§ Task statement: Using the records below, write out the line with "Grande Horloge Ronde" and each line after it through the final one, exactly, and only those.

§ Collected data:

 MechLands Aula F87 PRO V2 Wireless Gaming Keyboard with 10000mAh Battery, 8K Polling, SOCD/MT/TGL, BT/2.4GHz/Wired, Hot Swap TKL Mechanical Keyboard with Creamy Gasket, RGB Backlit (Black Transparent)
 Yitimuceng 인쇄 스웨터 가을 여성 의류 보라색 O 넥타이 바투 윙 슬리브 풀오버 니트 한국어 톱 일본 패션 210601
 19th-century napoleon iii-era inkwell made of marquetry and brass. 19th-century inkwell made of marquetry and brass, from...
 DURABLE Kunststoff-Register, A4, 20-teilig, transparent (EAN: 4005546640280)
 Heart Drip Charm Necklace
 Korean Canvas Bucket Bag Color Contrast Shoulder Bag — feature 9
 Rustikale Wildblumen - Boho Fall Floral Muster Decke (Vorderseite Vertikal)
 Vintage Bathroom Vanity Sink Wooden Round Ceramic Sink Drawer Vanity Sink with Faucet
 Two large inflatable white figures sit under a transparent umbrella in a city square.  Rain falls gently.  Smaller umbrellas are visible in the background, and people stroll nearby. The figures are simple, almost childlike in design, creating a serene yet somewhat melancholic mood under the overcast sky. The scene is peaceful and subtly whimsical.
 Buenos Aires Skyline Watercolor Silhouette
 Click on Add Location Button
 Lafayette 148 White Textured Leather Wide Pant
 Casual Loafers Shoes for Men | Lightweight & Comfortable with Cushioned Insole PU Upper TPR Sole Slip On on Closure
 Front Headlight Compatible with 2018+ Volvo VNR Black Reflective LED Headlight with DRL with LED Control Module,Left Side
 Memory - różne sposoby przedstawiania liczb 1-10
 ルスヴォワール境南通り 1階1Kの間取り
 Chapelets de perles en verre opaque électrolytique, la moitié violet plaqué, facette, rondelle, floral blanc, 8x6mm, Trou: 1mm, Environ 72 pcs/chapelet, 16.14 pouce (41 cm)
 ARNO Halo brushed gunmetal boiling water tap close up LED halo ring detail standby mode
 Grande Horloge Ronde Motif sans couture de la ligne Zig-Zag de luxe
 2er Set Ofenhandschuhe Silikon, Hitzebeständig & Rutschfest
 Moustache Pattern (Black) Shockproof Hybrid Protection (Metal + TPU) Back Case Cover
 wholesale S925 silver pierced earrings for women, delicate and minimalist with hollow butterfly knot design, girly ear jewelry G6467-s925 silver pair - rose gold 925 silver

§ Exercise response:
 Grande Horloge Ronde Motif sans couture de la ligne Zig-Zag de luxe
 2er Set Ofenhandschuhe Silikon, Hitzebeständig & Rutschfest
 Moustache Pattern (Black) Shockproof Hybrid Protection (Metal + TPU) Back Case Cover
 wholesale S925 silver pierced earrings for women, delicate and minimalist with hollow butterfly knot design, girly ear jewelry G6467-s925 silver pair - rose gold 925 silver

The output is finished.